Learning with the $p$-adics
André F. T. Martins
TL;DR
The paper investigates learning in the $p$-adic world $\mathbb{Q}_p$ as an alternative to real-valued frameworks, highlighting the inherent hierarchies of $p$-adic balls and their suitability for classification, regression, and representation learning. It develops concrete learning rules: unidimensional and multidimensional $p$-adic classifiers correspond to enclosing balls and unions of balls, while regression becomes exemplar-based due to ultrametricity; it also demonstrates a small-scale semantic-network example using Quillian-like networks with compact $p$-adic embeddings. The work provides algorithmic approaches (e.g., $p$-adic beam search) and theoretical results about what $p$-adic models can and cannot compute (e.g., XOR solvability in low dimensions, congruence and counting). Open problems include native multi-class extensions, gradient-based $p$-adic optimization via Hensel lifting, deeper architectures, and adelic predictors across all primes, suggesting a rich future research program in non-Archimedean machine learning.
Abstract
Existing machine learning frameworks operate over the field of real numbers ($\mathbb{R}$) and learn representations in real (Euclidean or Hilbert) vector spaces (e.g., $\mathbb{R}^d$). Their underlying geometric properties align well with intuitive concepts such as linear separability, minimum enclosing balls, and subspace projection; and basic calculus provides a toolbox for learning through gradient-based optimization. But is this the only possible choice? In this paper, we study the suitability of a radically different field as an alternative to $\mathbb{R}$ -- the ultrametric and non-archimedean space of $p$-adic numbers, $\mathbb{Q}_p$. The hierarchical structure of the $p$-adics and their interpretation as infinite strings make them an appealing tool for code theory and hierarchical representation learning.

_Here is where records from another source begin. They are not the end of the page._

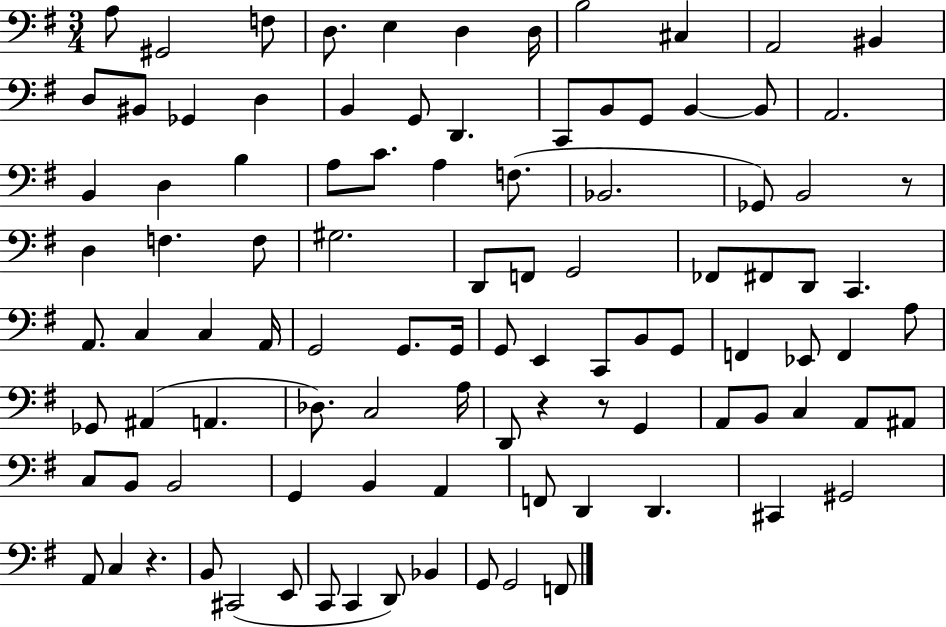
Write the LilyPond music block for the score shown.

{
  \clef bass
  \numericTimeSignature
  \time 3/4
  \key g \major
  \repeat volta 2 { a8 gis,2 f8 | d8. e4 d4 d16 | b2 cis4 | a,2 bis,4 | \break d8 bis,8 ges,4 d4 | b,4 g,8 d,4. | c,8 b,8 g,8 b,4~~ b,8 | a,2. | \break b,4 d4 b4 | a8 c'8. a4 f8.( | bes,2. | ges,8) b,2 r8 | \break d4 f4. f8 | gis2. | d,8 f,8 g,2 | fes,8 fis,8 d,8 c,4. | \break a,8. c4 c4 a,16 | g,2 g,8. g,16 | g,8 e,4 c,8 b,8 g,8 | f,4 ees,8 f,4 a8 | \break ges,8 ais,4( a,4. | des8.) c2 a16 | d,8 r4 r8 g,4 | a,8 b,8 c4 a,8 ais,8 | \break c8 b,8 b,2 | g,4 b,4 a,4 | f,8 d,4 d,4. | cis,4 gis,2 | \break a,8 c4 r4. | b,8 cis,2( e,8 | c,8 c,4 d,8) bes,4 | g,8 g,2 f,8 | \break } \bar "|."
}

Our exploratory theoretical work establishes the building blocks for classification, regression, and representation learning with the $p$-adics, providing learning models and algorithms. We illustrate how simple Quillian semantic networks can be represented as a compact $p$-adic linear network, a construction which is not possible with the field of reals. We finish by discussing open problems and opportunities for future research enabled by this new framework.